**ENTRIES SUPPLIED:**
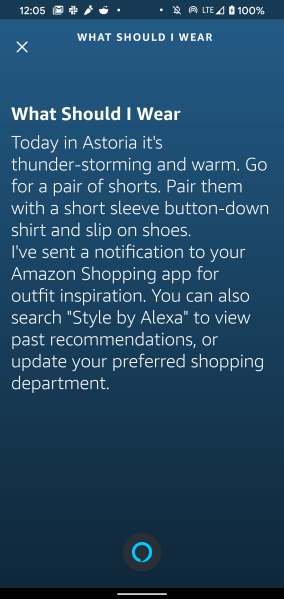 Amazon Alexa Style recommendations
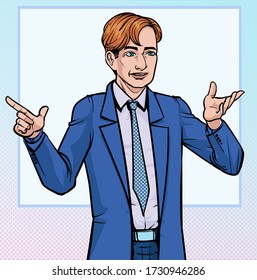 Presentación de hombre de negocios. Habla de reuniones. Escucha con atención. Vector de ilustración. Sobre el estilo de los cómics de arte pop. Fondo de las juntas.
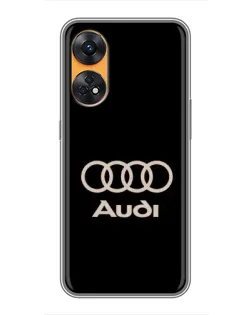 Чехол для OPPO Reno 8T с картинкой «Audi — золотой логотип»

...

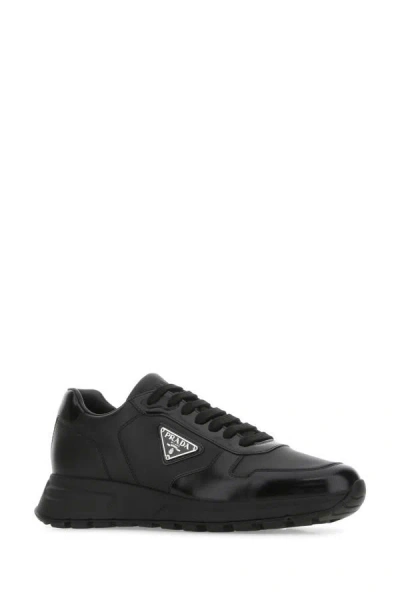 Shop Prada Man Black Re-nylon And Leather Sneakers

...

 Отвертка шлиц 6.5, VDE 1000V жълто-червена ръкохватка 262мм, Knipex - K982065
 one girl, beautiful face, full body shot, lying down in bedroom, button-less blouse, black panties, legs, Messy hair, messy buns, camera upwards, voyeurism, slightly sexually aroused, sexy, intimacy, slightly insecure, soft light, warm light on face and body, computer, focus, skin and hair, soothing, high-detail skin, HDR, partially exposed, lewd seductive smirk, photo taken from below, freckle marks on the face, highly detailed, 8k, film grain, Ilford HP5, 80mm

**WORK TO COMPLETE:** Reproduce, word for word, only the lines in the records above from the line with "Amazon Alexa Style recommendations" through the line with "Чехол для OPPO", including both ends; omit the pictures.

**OUTPUT FOR THIS TASK:**
 Amazon Alexa Style recommendations
 Presentación de hombre de negocios. Habla de reuniones. Escucha con atención. Vector de ilustración. Sobre el estilo de los cómics de arte pop. Fondo de las juntas.
 Чехол для OPPO Reno 8T с картинкой «Audi — золотой логотип»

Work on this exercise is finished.